Quanto à escolaridade, 40% dos entrevistados possuía o ensino fundamental incompleto, cerca de 20% o ensino médio completo e 5% cursaram, completa ou parcialmente, o ensino superior e/ou pós-graduação (Tabela 1).

Acesso e acessibilidade

O tempo de deslocamento das residências até as Unidades era de 10 minutos para 75% dos entrevistados e 20 minutos para 18% deles (Tabela 2).

Tabela 2 Acesso e acessibilidade dos usuários entrevistados no Ciclo II do PMAQ. RRAS 13-SP, 2014. 

Deslocamento (minutos)
≤ 10 75%
≤ 20 18%
Funcionamento
manhã 100%
tarde 99%
noite 3%
Facilitação do acesso
sábados 43%
noite 38%
domingos 26%
até 18h 22%
Morosidade no tempo de espera 69%

Fonte: Banco de dados do Ciclo II, PMAQ, Ministério da Saúde.

Perguntados sobre o horário de funcionamento dos serviços, predominaram os horários da manhã (100%) e tarde (99%), em contraste com o período noturno (3%). 43% dos usuários referiram facilitação do acesso se funcionassem aos sábados, 38% no período noturno, 26% aos domingos, e 22% se funcionassem até às 18h (Tabela 2).

Sobre o tempo de espera para o atendimento em consultas agendadas, as vozes dos usuários revelam morosidade nos seus atendimentos para 69% deles (Tabela 2).

Longitudinalidade

Diante da seguinte questão: “Quando o senhor (a) vem à unidade sem hora marcada, como o senhor (a) foi recebido (a)?”, 32% relataram nunca terem precisado ir à UBS sem ter hora marcada, 60% já terem procurado o serviço sem hora marcada e foram “muito bem” ou “bem” atendidos, enquanto 5% qualificaram como “regular” e menos de 3% como “ruim/muito ruim” (Tabela 3).

Tabela 3 Longitudinalidade dos usuários entrevistados no Ciclo II do PMAQ. RRAS 13-SP, 2014. 

Recepção ao procurar UBS sem hora marcada
muito bem/bem 60%
regular 5%
ruim/muito ruim 3%
nunca precisou 32%
Consideração da UBS para cuidado de urgência 62%

Fonte: Banco de dados do Ciclo II, PMAQ, Ministério da Saúde.

Aproximadamente 62% dos usuários não consideraram as unidades como locais capazes de lidar com urgência em situação de necessidade (Tabela 3).

Integralidade do cuidado

Os resultados obtidos mostram que 90% dos usuários responderam afirmativamente sobre ter suas necessidades e/ou problemas resolvidos nas próprias unidades.
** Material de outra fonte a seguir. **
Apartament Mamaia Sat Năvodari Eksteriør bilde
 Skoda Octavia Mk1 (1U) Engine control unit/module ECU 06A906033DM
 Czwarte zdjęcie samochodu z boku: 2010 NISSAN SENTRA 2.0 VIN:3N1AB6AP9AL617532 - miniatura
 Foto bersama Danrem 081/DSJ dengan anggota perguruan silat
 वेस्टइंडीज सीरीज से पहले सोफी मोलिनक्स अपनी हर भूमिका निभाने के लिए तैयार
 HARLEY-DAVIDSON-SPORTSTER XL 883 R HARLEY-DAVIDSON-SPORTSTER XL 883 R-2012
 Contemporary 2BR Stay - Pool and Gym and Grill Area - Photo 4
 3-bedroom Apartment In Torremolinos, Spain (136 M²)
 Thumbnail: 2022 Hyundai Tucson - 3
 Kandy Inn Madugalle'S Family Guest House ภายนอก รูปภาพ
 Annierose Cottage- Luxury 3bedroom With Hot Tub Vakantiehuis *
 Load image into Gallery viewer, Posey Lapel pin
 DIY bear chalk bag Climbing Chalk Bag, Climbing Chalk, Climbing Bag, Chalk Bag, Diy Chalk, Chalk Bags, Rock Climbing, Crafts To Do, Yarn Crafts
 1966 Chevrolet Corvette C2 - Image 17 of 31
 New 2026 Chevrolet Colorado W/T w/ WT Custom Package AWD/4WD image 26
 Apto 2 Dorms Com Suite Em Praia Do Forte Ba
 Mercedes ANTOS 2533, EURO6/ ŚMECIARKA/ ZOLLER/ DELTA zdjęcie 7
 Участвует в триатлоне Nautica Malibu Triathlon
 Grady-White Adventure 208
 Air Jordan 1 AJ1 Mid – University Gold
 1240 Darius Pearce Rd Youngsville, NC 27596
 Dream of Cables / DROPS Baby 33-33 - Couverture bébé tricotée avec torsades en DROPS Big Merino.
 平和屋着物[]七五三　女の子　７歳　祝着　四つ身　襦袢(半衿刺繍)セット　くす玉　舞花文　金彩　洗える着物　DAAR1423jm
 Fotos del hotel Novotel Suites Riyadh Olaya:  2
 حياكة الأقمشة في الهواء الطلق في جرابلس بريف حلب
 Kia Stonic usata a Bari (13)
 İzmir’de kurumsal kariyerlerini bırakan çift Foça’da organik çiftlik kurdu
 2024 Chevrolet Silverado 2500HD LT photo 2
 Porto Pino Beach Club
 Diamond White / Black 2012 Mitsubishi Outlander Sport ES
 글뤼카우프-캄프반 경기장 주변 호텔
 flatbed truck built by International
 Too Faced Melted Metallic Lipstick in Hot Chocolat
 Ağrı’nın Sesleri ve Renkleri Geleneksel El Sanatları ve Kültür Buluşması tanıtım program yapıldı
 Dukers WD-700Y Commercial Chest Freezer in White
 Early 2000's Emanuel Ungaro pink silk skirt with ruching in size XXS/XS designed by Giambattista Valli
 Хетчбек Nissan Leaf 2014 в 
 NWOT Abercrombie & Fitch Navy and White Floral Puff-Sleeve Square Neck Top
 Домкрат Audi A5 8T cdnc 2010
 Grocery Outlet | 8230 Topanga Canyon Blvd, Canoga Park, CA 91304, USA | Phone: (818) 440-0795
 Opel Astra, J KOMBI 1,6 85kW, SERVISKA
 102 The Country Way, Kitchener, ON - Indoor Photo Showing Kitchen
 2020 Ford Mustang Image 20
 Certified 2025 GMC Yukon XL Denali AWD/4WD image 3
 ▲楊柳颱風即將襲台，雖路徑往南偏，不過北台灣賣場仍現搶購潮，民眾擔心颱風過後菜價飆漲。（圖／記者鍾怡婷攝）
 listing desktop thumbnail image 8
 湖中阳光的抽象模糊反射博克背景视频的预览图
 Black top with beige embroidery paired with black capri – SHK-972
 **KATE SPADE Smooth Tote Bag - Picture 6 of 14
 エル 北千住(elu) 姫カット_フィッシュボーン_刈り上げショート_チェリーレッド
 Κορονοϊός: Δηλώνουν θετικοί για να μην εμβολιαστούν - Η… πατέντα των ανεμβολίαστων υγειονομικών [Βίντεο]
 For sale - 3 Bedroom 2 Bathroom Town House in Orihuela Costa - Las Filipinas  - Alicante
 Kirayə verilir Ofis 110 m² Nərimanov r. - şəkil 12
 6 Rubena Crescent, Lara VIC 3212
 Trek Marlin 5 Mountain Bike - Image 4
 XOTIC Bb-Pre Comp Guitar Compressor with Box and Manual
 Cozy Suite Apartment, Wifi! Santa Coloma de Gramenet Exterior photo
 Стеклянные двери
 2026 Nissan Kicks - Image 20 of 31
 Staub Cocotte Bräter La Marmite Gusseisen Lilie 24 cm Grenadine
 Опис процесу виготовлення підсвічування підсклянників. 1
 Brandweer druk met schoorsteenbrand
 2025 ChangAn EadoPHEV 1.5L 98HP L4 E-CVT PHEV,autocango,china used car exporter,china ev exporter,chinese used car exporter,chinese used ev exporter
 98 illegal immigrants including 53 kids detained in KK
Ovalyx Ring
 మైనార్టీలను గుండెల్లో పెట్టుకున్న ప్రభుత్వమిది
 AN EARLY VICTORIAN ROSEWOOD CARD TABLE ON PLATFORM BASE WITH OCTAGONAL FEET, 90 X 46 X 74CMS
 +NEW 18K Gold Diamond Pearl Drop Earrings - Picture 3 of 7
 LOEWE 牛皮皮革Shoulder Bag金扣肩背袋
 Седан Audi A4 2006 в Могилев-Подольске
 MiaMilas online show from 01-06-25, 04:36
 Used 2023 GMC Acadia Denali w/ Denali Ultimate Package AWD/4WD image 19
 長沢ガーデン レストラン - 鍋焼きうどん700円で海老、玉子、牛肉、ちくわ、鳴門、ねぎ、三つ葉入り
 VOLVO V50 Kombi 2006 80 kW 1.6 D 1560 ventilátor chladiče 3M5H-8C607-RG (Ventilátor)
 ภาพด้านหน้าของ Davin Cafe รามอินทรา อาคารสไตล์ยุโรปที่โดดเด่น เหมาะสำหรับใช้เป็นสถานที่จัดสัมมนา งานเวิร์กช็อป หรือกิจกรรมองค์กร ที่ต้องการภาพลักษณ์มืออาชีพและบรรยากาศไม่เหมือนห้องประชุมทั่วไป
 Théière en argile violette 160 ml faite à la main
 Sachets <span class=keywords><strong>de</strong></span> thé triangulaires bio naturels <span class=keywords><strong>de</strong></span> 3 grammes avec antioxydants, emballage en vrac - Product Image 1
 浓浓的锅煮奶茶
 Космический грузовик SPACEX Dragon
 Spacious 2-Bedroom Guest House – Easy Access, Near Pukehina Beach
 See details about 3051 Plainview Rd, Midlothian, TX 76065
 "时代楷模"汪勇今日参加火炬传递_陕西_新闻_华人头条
Quando investigados se “além da sua queixa os profissionais de saúde perguntam sobre outras questões da sua vida”, 34% relataram que nunca ou quase nunca foram questionados (Tabela 4).

Tabela 4 Integralidade do cuidado dos usuários entrevistados no Ciclo II do PMAQ. RRAS 13-SP, 2014. 

Resolução de necessidades/problemas na própria UBS
sempre/maioria das vezes 90%
quase nunca/nunca 9%
Investigação além da queixa inicial
sempre/maioria das vezes 65%
quase nunca/nunca 34%

Fonte: Banco de dados do Ciclo II, PMAQ, Ministério da Saúde.

Coordenação do cuidado

A variável a seguir aplicou-se apenas aos usuários já encaminhados a outros profissionais e serviços de saúde, perfazendo 69% (n = 880) dos respondentes. A eles foi indagado conhecerem as formas de encaminhamento a consultas em outros serviços, permitindo-lhes múltiplas escolhas como resposta. Para 52% dos entrevistados, a consulta era marcada pela Unidade e informada depois; para 22% a marcação era feita e informada na hora, no serviço, e dentre os que informaram receber uma ficha de encaminhamento ou referência para procurarem outros serviços somaram-se 40% (Tabela 5).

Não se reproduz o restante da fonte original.